Scraped caption text data —
----------
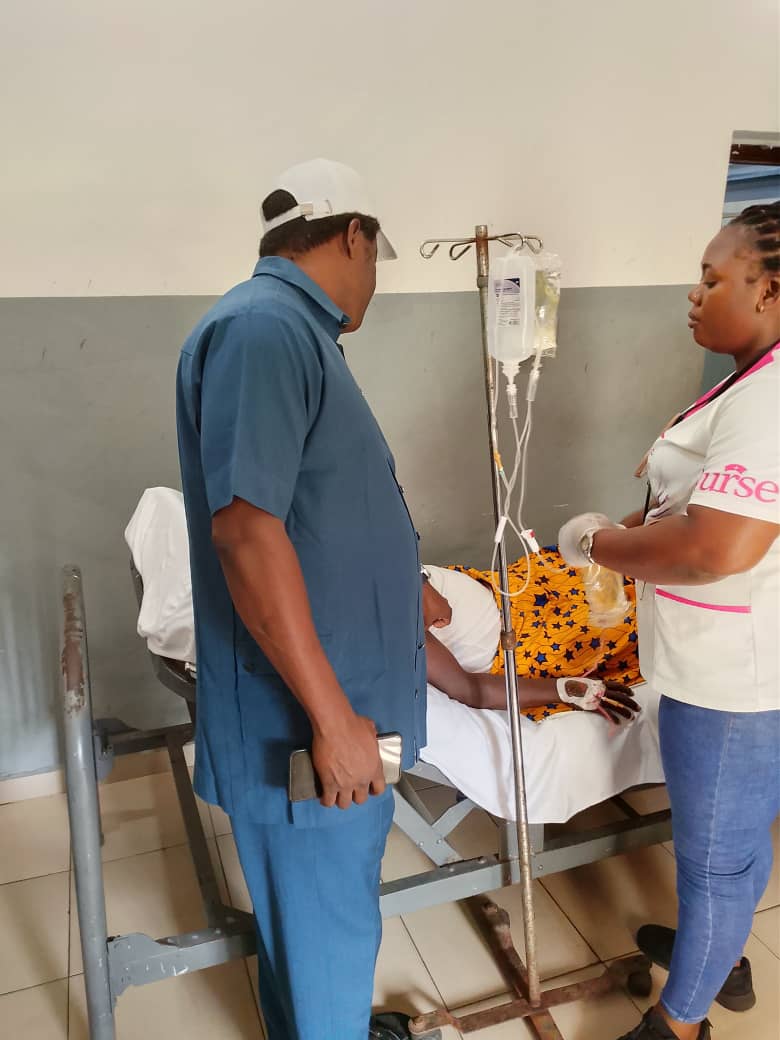 Hospital visits by Executive Secretary/CEO <a href="/IMSHIA_/">Imo State Health Insurance Agency</a> on a civil servant on admission in an accredited health facility in Owerri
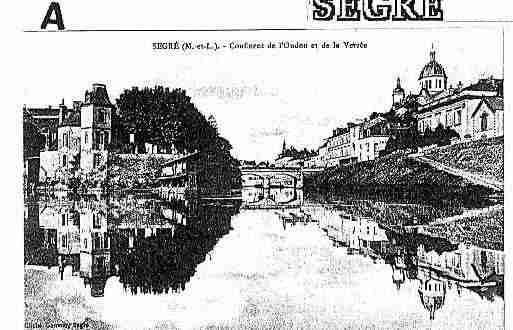 Ville de SEGRE Carte postale ancienne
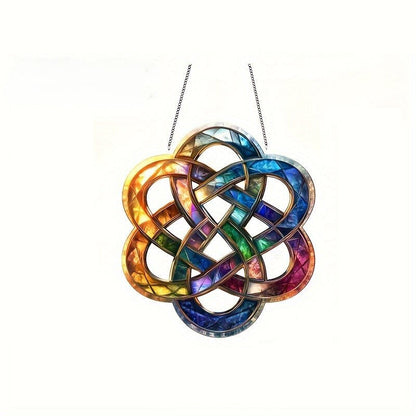 Acrylic disk sun catcher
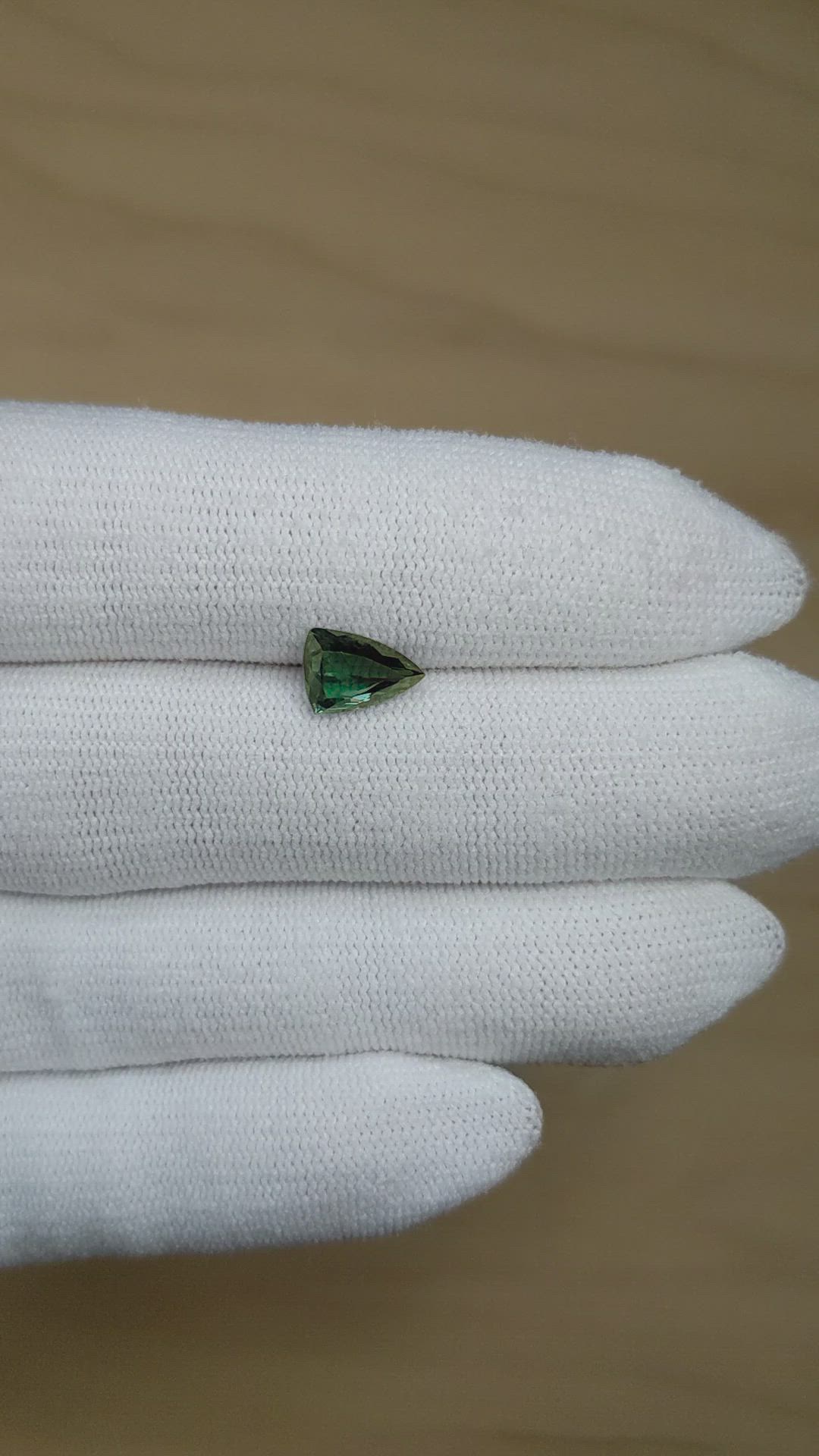 1.56 Ct. Alexandrite from Brazil Size Video
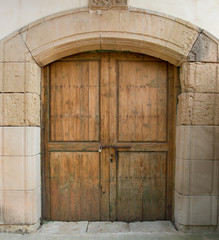 Fototapeta na wymiar Old wooden doors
----------
WORK ORDER — Repeat exactly the lines from the one containing "Acrylic disk sun catcher" through the last line of the records above, both included, and leave out the pictures.

ANSWER FOR THE TASK —
 Acrylic disk sun catcher
 1.56 Ct. Alexandrite from Brazil Size Video
 Fototapeta na wymiar Old wooden doors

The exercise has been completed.